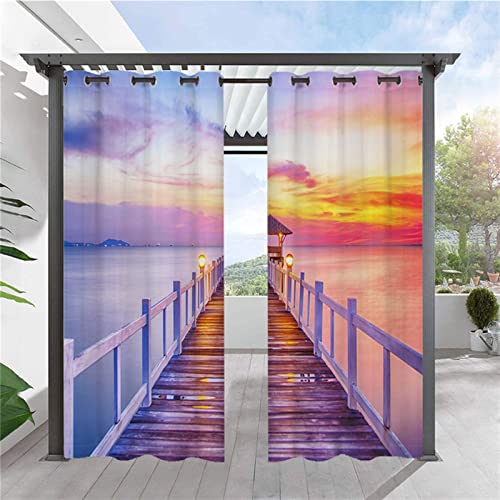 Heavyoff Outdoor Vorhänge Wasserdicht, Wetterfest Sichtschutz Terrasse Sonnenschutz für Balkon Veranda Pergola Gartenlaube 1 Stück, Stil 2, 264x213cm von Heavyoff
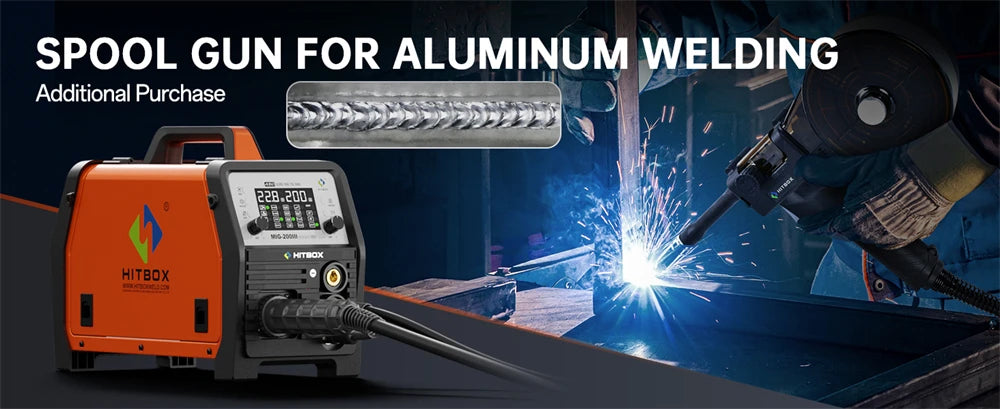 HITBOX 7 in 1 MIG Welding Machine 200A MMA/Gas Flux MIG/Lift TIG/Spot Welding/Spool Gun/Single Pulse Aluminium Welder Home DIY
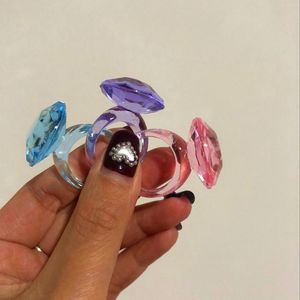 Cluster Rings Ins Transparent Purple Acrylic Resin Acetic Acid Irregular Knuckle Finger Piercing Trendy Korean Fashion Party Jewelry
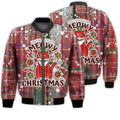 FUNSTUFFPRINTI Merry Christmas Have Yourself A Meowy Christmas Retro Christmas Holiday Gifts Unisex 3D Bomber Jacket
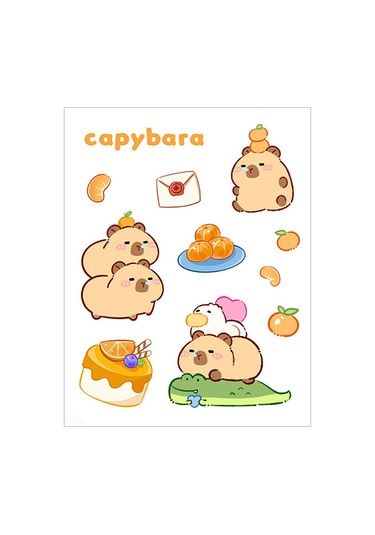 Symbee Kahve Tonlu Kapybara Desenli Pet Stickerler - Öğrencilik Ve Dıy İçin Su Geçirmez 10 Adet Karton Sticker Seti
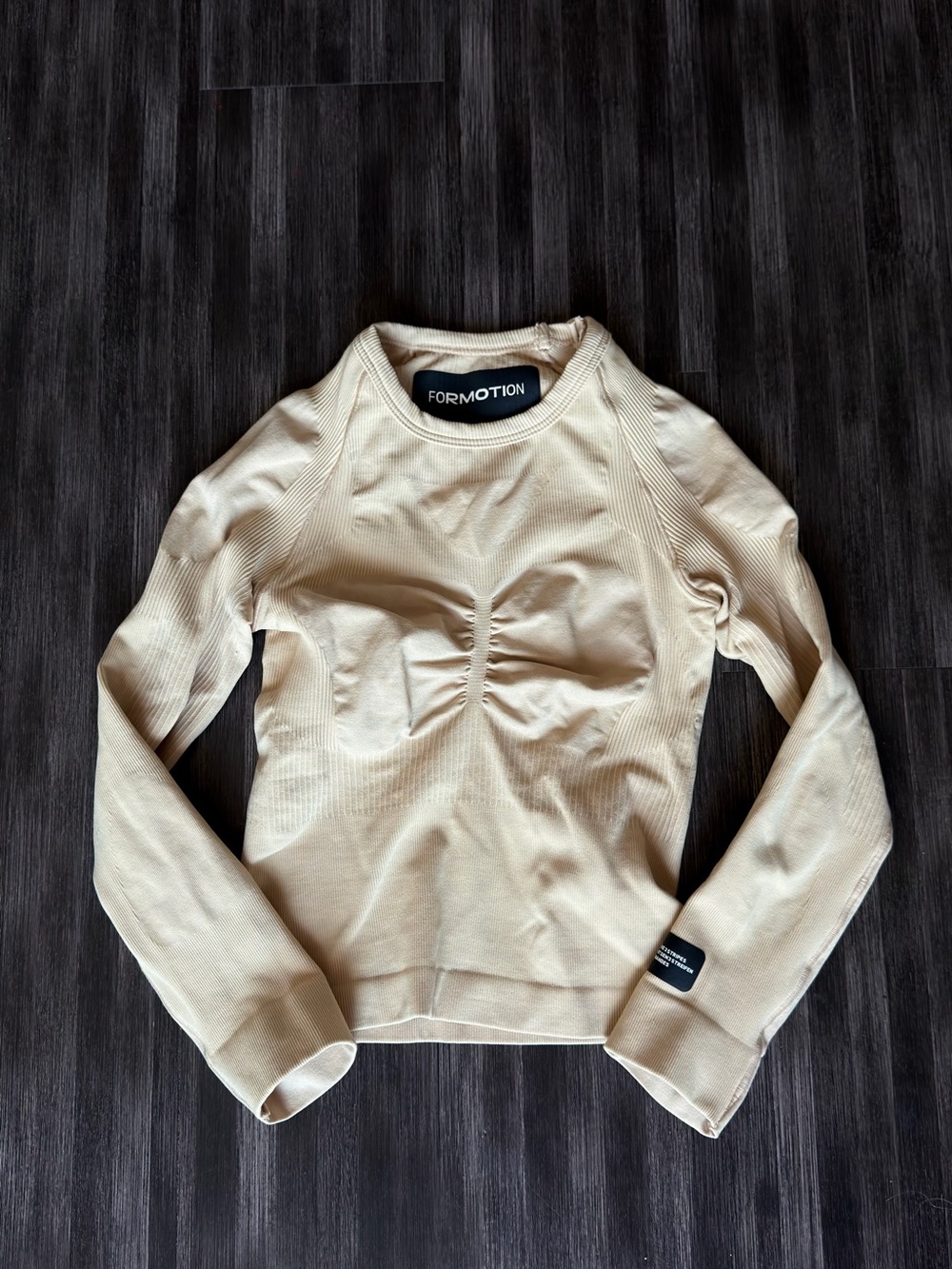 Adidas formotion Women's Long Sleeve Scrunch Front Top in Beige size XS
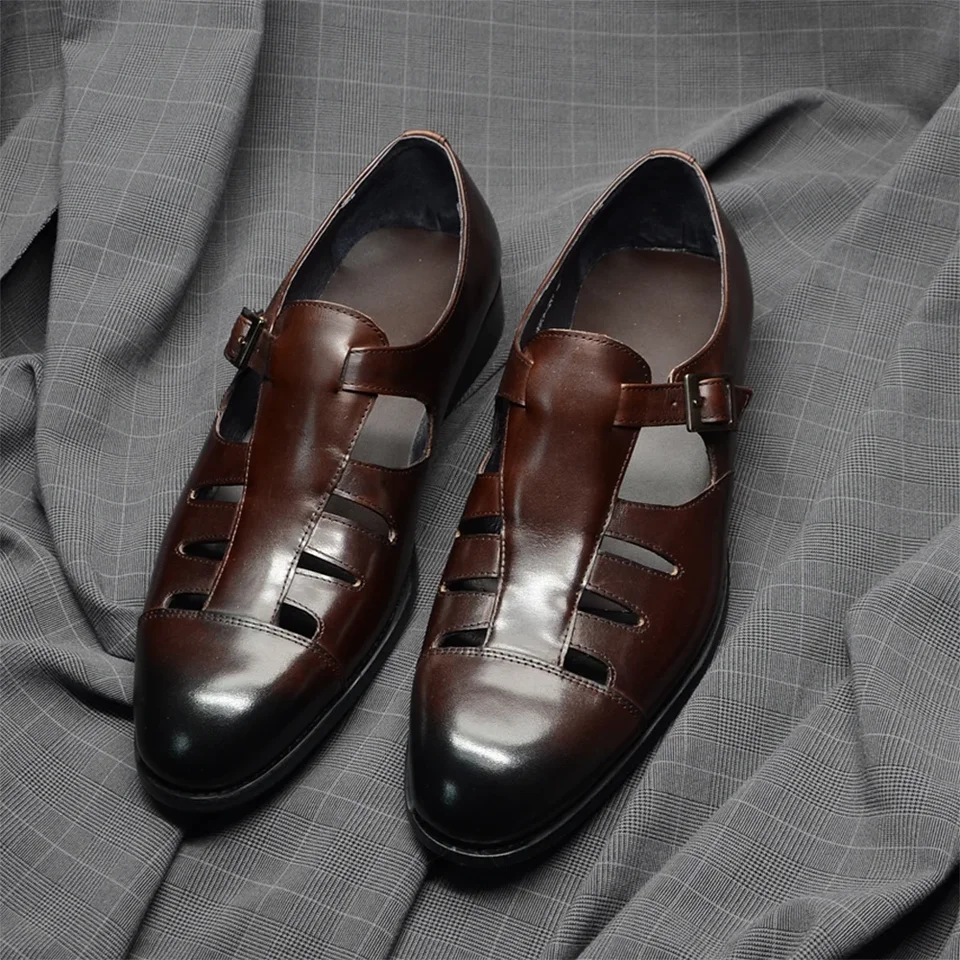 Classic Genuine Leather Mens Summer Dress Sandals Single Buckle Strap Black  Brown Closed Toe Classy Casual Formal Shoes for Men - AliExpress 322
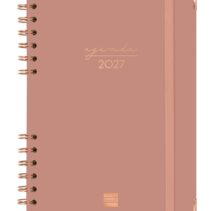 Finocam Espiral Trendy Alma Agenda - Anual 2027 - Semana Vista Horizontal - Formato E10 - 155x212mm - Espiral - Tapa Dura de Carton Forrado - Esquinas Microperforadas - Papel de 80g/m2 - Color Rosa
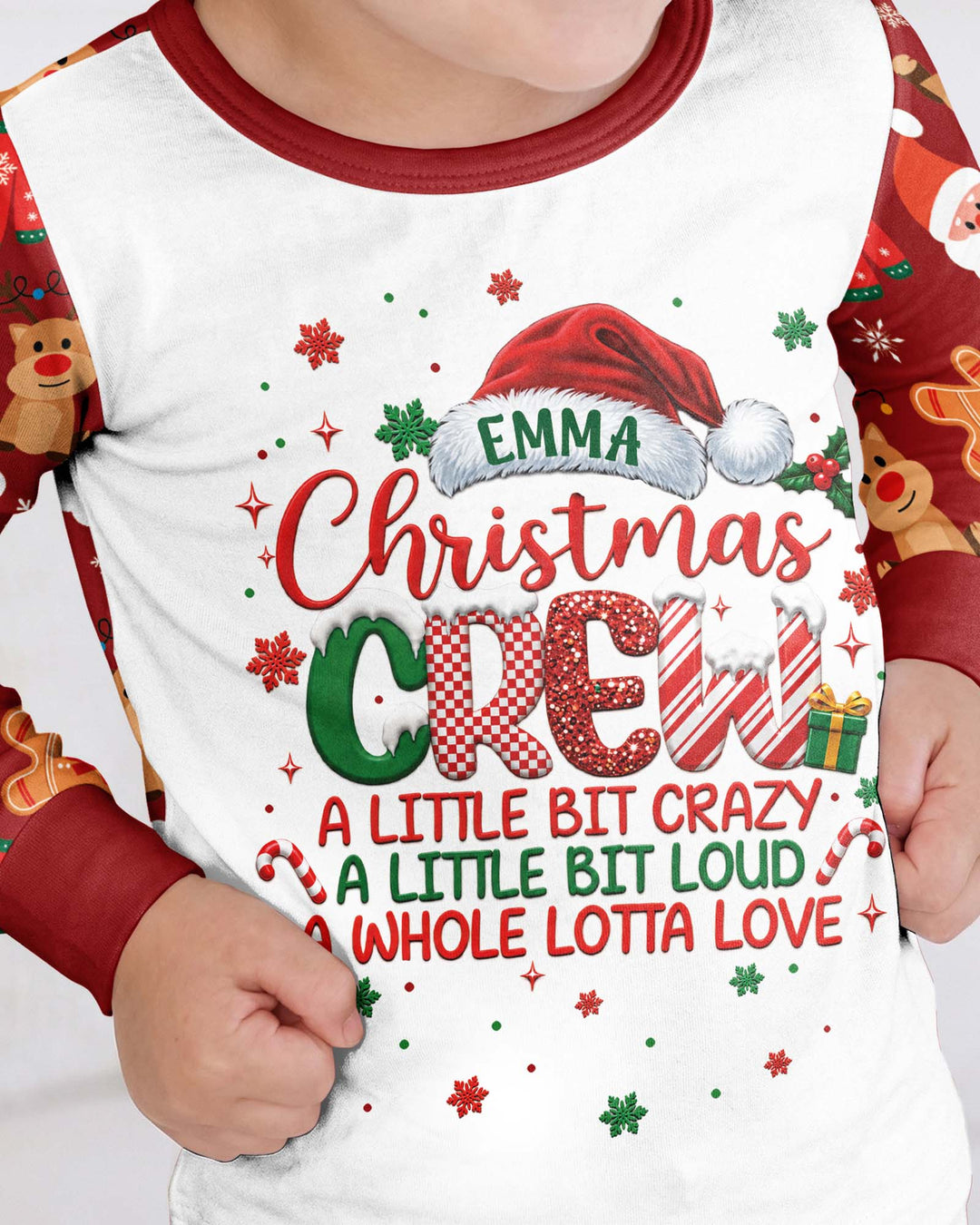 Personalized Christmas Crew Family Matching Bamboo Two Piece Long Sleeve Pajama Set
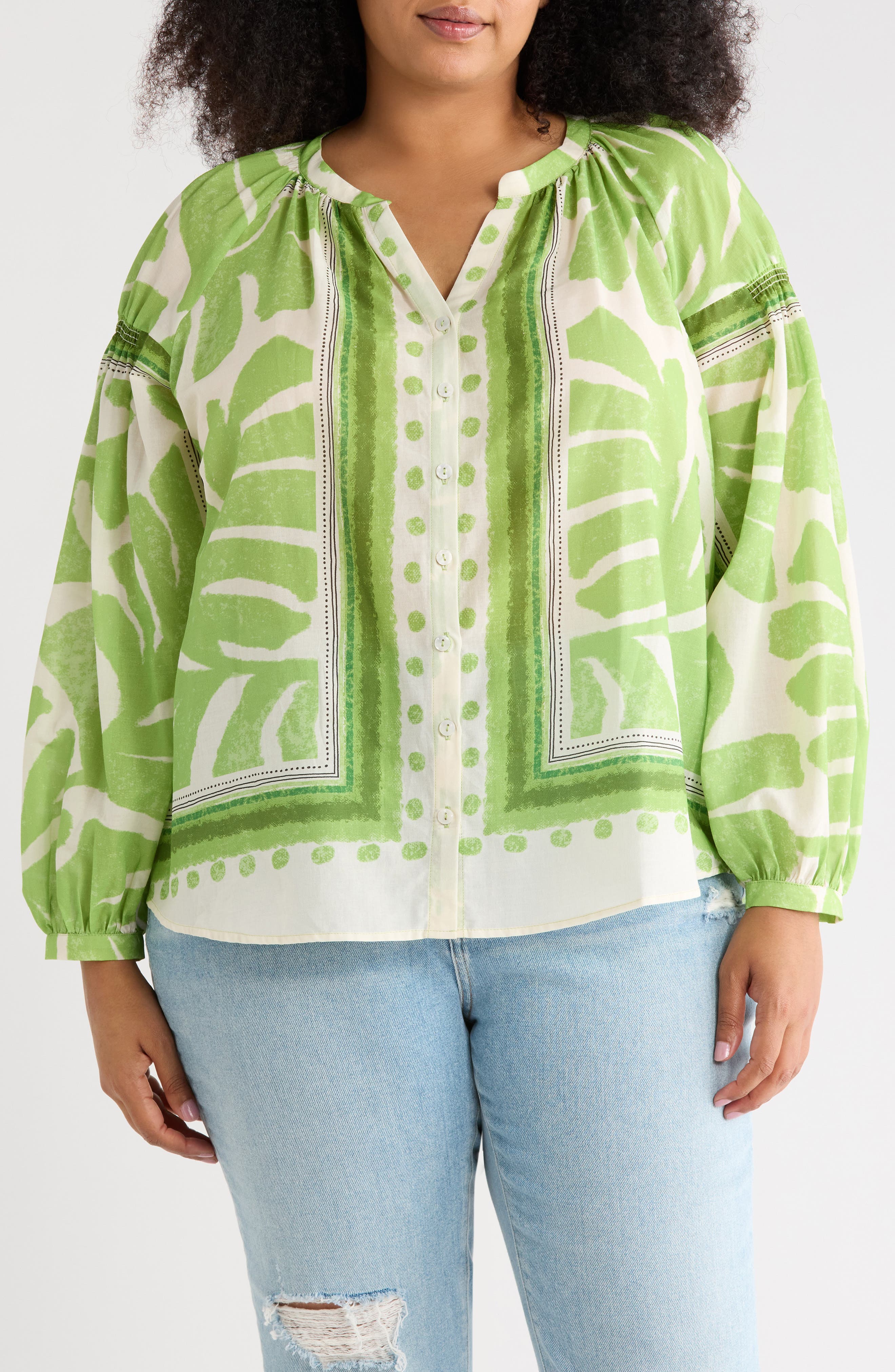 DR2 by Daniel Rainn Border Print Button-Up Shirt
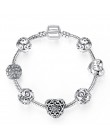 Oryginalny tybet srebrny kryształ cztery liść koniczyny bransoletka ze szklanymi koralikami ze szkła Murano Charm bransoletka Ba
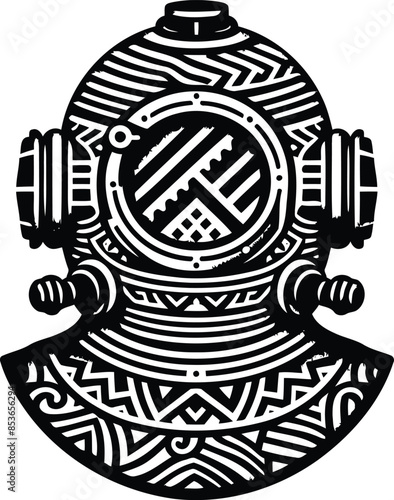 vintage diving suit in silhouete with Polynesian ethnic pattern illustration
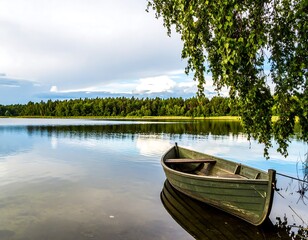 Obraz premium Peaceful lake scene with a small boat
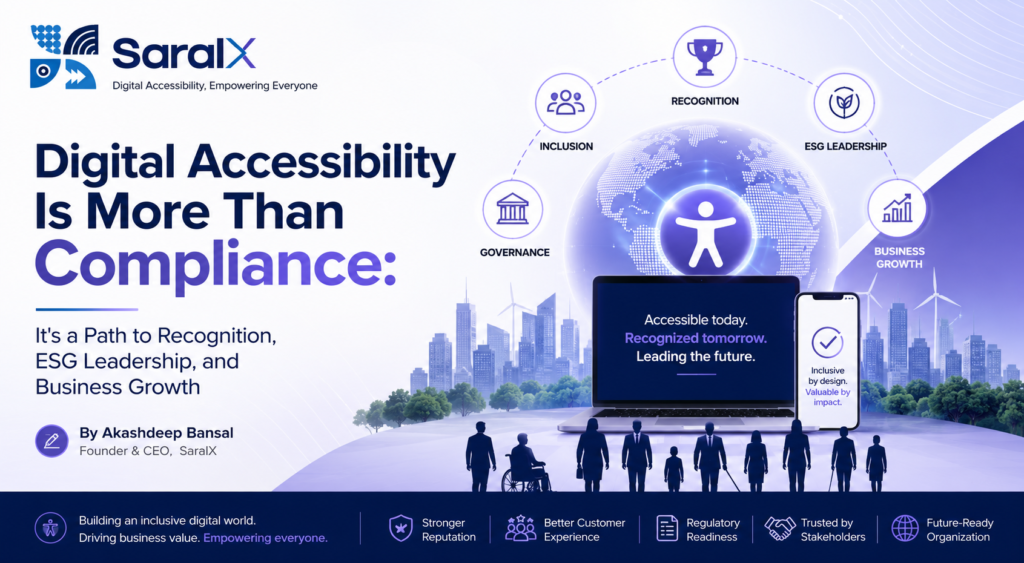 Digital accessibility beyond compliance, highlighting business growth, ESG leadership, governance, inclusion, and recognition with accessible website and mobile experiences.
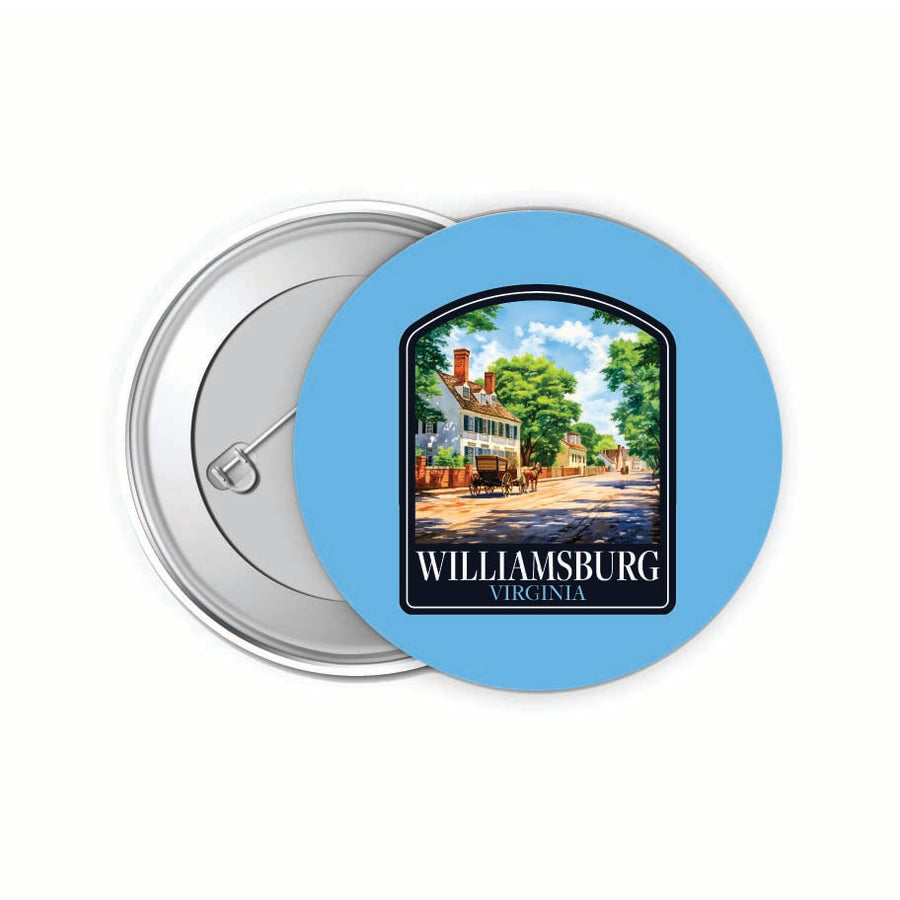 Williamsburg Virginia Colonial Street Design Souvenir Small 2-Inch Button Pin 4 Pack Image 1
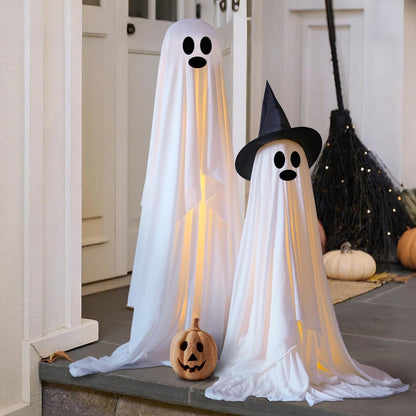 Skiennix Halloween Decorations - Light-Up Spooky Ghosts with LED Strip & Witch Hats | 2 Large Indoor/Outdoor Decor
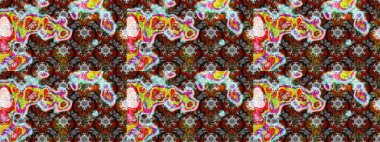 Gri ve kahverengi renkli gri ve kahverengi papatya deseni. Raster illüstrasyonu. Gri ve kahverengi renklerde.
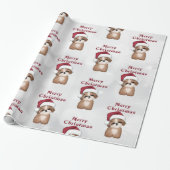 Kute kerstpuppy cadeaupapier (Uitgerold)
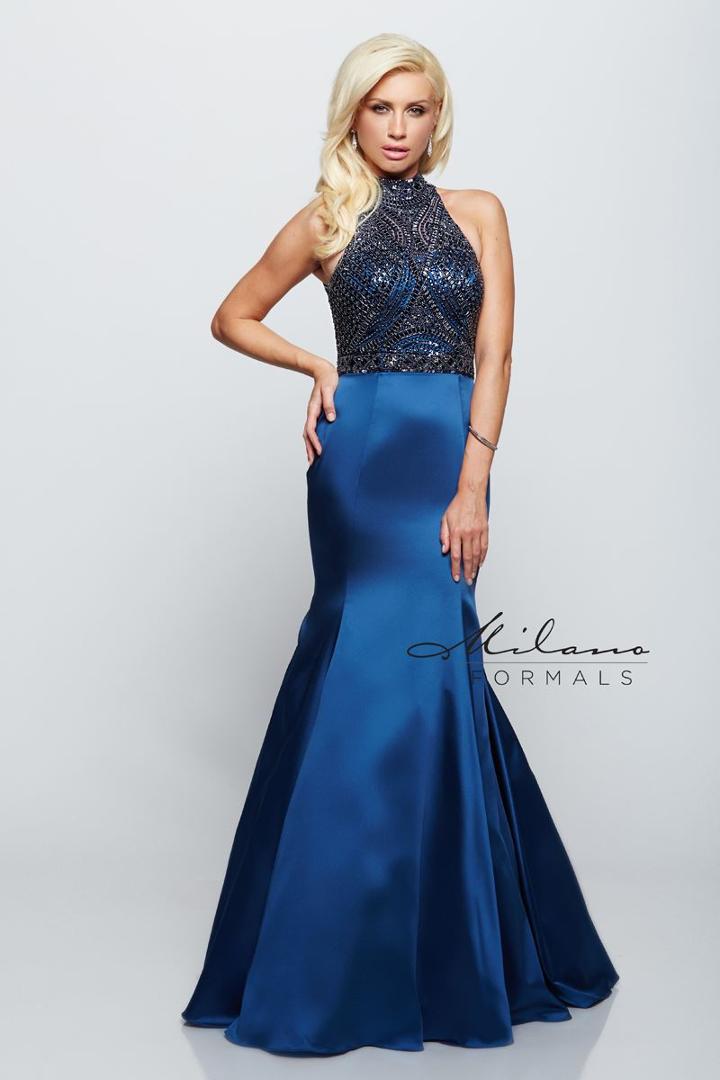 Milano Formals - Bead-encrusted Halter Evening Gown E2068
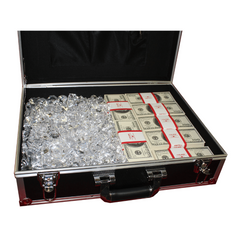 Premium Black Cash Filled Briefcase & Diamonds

= = =

- PROBLEM -
If an entry contains a picture, omit it; restate everything else word for word.

- RESPONSE BELOW -
 Heavyoff Outdoor Vorhänge Wasserdicht, Wetterfest Sichtschutz Terrasse Sonnenschutz für Balkon Veranda Pergola Gartenlaube 1 Stück, Stil 2, 264x213cm von Heavyoff
 HITBOX 7 in 1 MIG Welding Machine 200A MMA/Gas Flux MIG/Lift TIG/Spot Welding/Spool Gun/Single Pulse Aluminium Welder Home DIY
 Cluster Rings Ins Transparent Purple Acrylic Resin Acetic Acid Irregular Knuckle Finger Piercing Trendy Korean Fashion Party Jewelry
 FUNSTUFFPRINTI Merry Christmas Have Yourself A Meowy Christmas Retro Christmas Holiday Gifts Unisex 3D Bomber Jacket
 Symbee Kahve Tonlu Kapybara Desenli Pet Stickerler - Öğrencilik Ve Dıy İçin Su Geçirmez 10 Adet Karton Sticker Seti
 Adidas formotion Women's Long Sleeve Scrunch Front Top in Beige size XS
 Classic Genuine Leather Mens Summer Dress Sandals Single Buckle Strap Black  Brown Closed Toe Classy Casual Formal Shoes for Men - AliExpress 322
 Finocam Espiral Trendy Alma Agenda - Anual 2027 - Semana Vista Horizontal - Formato E10 - 155x212mm - Espiral - Tapa Dura de Carton Forrado - Esquinas Microperforadas - Papel de 80g/m2 - Color Rosa
 Personalized Christmas Crew Family Matching Bamboo Two Piece Long Sleeve Pajama Set
 DR2 by Daniel Rainn Border Print Button-Up Shirt
 Oryginalny tybet srebrny kryształ cztery liść koniczyny bransoletka ze szklanymi koralikami ze szkła Murano Charm bransoletka Ba
 vintage diving suit in silhouete with Polynesian ethnic pattern illustration
 Obraz premium Peaceful lake scene with a small boat
 Digital accessibility beyond compliance, highlighting business growth, ESG leadership, governance, inclusion, and recognition with accessible website and mobile experiences.
 Williamsburg Virginia Colonial Street Design Souvenir Small 2-Inch Button Pin 4 Pack Image 1
 Skiennix Halloween Decorations - Light-Up Spooky Ghosts with LED Strip & Witch Hats | 2 Large Indoor/Outdoor Decor
 Gri ve kahverengi renkli gri ve kahverengi papatya deseni. Raster illüstrasyonu. Gri ve kahverengi renklerde.
 Kute kerstpuppy cadeaupapier (Uitgerold)
 Milano Formals - Bead-encrusted Halter Evening Gown E2068
 Premium Black Cash Filled Briefcase & Diamonds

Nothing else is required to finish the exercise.